## [LISTED RECORDS]
————————

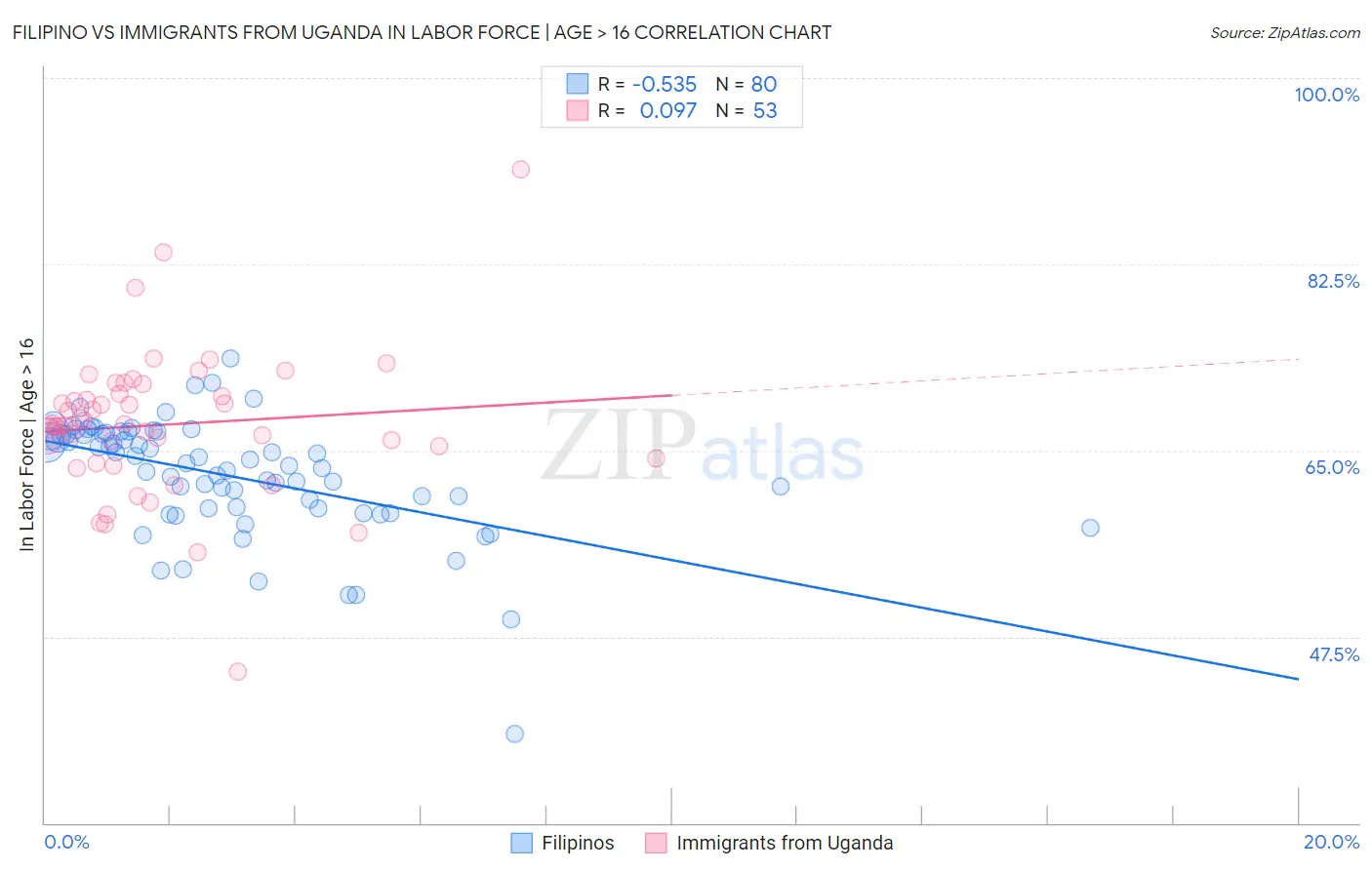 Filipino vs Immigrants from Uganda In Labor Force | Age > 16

————————

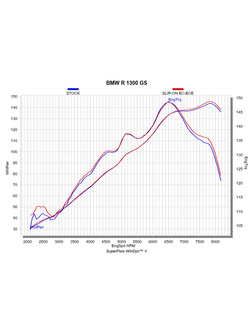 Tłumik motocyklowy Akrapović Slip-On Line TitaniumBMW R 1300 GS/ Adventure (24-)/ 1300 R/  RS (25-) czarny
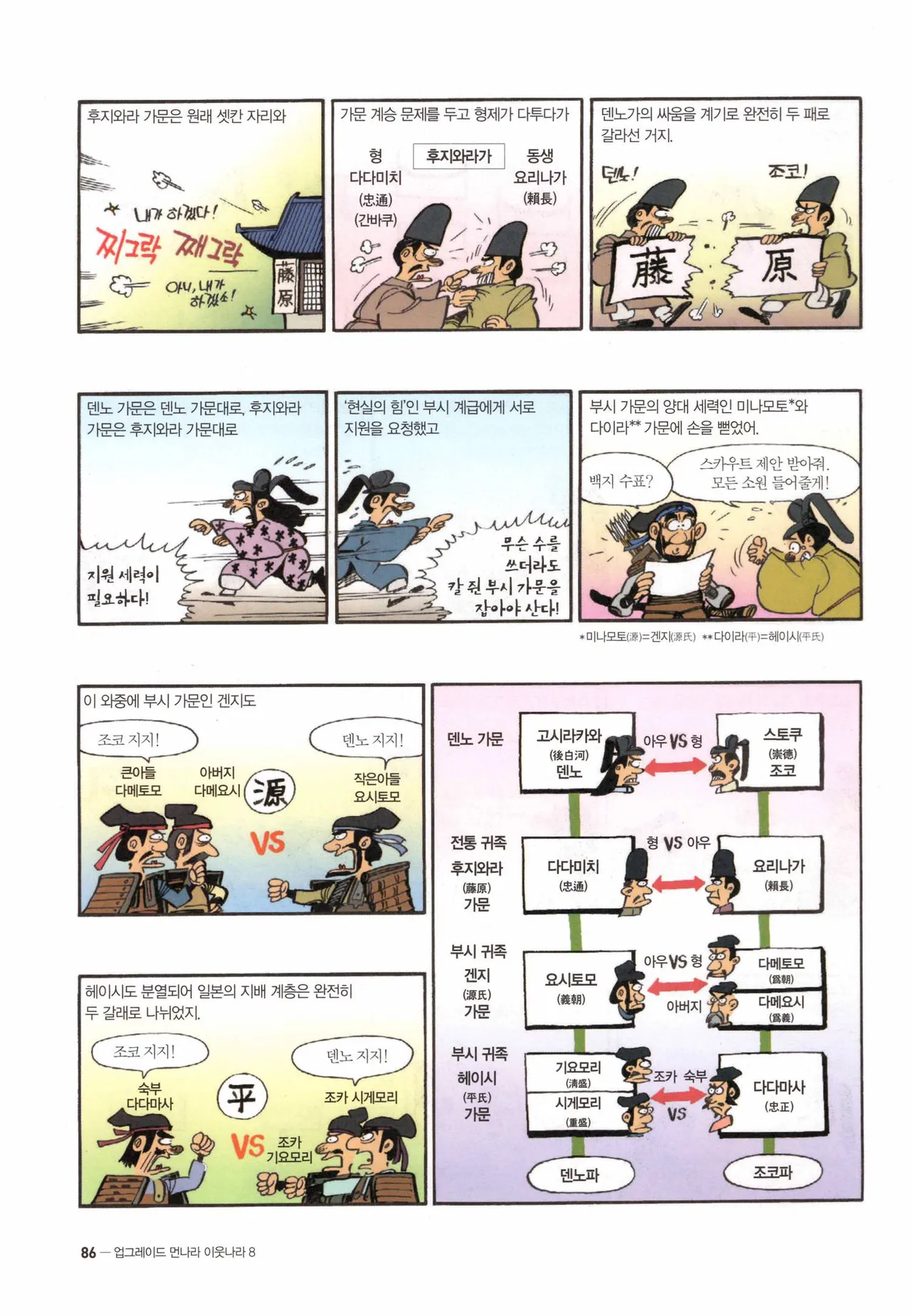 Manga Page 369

————————

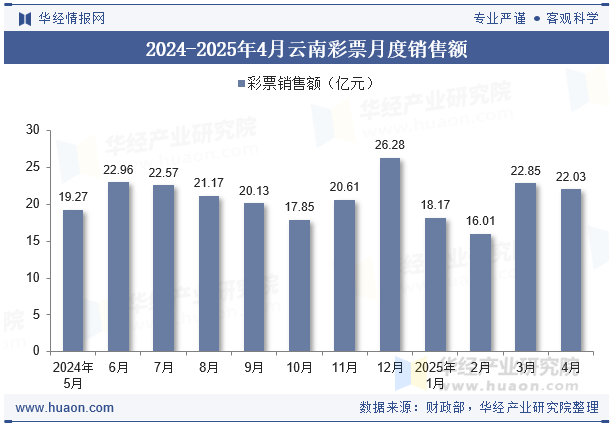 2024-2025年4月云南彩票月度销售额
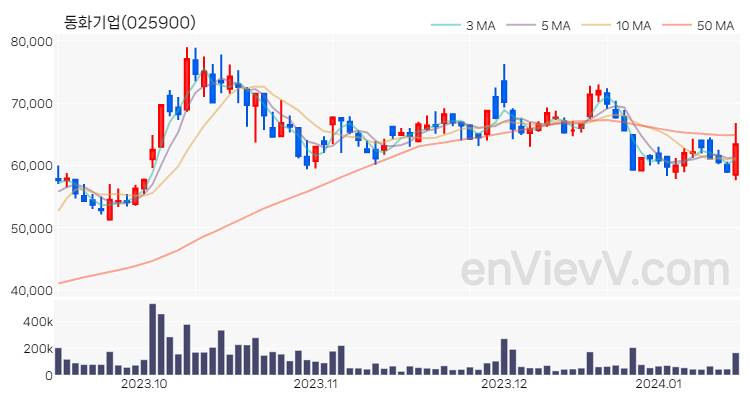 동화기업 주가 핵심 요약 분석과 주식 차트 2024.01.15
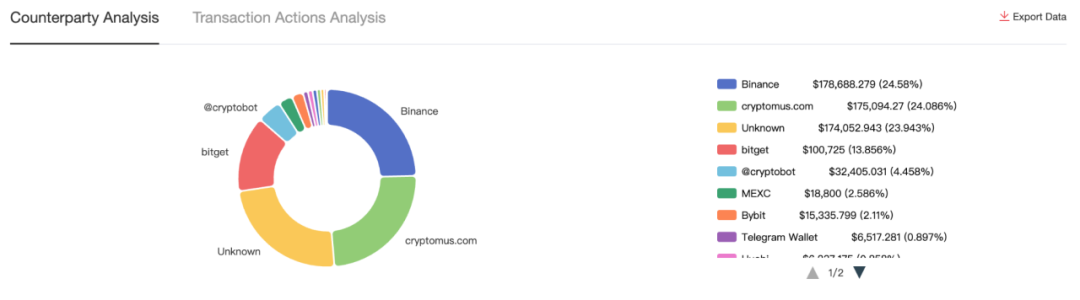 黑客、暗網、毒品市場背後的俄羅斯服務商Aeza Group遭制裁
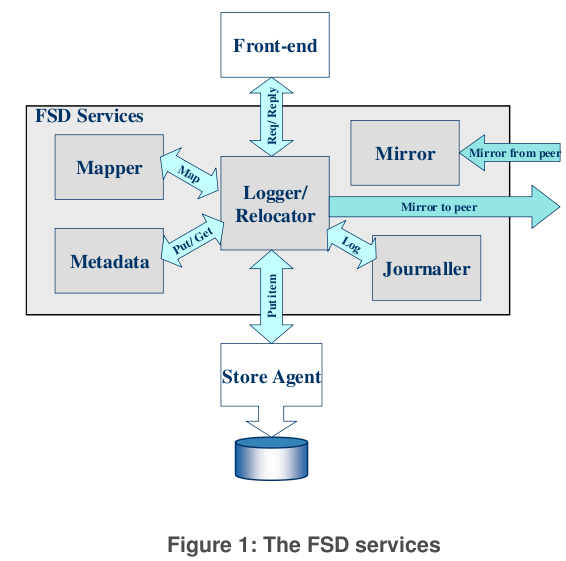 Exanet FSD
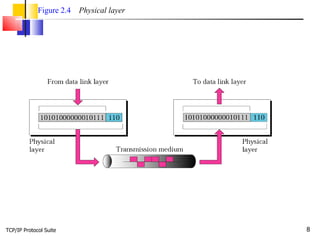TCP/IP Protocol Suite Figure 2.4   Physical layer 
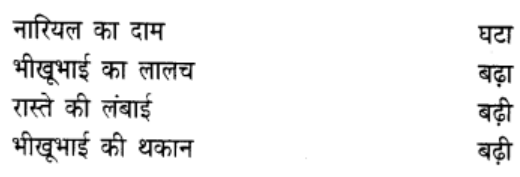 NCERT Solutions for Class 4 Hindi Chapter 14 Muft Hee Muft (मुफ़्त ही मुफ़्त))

————————

## [TASK DETAILS]
Go to the line above that has "동화기업 주가 핵심 요약 분석과 주식 차트 2024.01.15" and copy exactly from there down to the line that has "NCERT Solutions for", both included. Leave the pictures out.

## [ANSWER TO THIS PROBLEM]
 동화기업 주가 핵심 요약 분석과 주식 차트 2024.01.15
 黑客、暗網、毒品市場背後的俄羅斯服務商Aeza Group遭制裁
 Exanet FSD
TCP/IP Protocol Suite Figure 2.4   Physical layer 
 NCERT Solutions for Class 4 Hindi Chapter 14 Muft Hee Muft (मुफ़्त ही मुफ़्त))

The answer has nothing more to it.